By Joel Feldman

The approaching summer season can be joyous for teenagers, but it's also potentially deadly, with the rate of teen deaths in car crashes expected to double.

This month marked the launch of an ambitious international plan to save lives and reduce injuries from automobile accidents. The Decade of Action Road Safety 2011-2020 is a collaborative effort of more than 50 countries spearheaded by the United Nations, with the goal of saving five million lives and preventing 50 million injuries. Decade of Action events have been coordinated around the world, including in Washington, where physicians, traffic-safety experts, engineers, insurers, legislators, and families affected by highway tragedies gathered to dedicate themselves to saving lives.

This event, and this movement, are personal to me. My wife and I were asked to participate because our daughter, Casey, was killed in a senseless highway accident in Ocean City in July 2009. Since that time, we have found some comfort in raising awareness of the dangers of distracted driving. But with awareness comes an unsettling realization that, here in Pennsylvania, our legislators could be doing much more to protect us.

Advocates for Highway and Auto Safety has rated the state's record on traffic-safety legislation as one of the country's seven worst.
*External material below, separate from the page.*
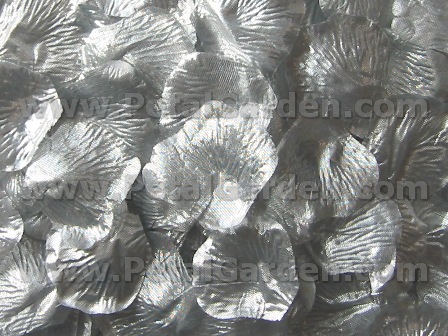 Silver silk rose petals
Seat-belt usage is essentially optional - it's not a primary offense for which a motorist can be stopped - and there are no laws against texting or handheld cellphone use while driving. Our lawmakers have also failed to enact commonsense legislation restricting the number of nonrelative passengers who can accompany a teen driver at any time.

A number of bills to address these glaring oversights have recently been approved by the state House. Some are stronger than others, but all would help raise our embarrassing ranking and, more important, ease the devastating loss of life.

My wife and I work to save lives so that other children can finish high school and college, find satisfying careers, marry, have children, and live full, productive lives. Isn't it time for our legislators to give more of our children that lasting graduation present?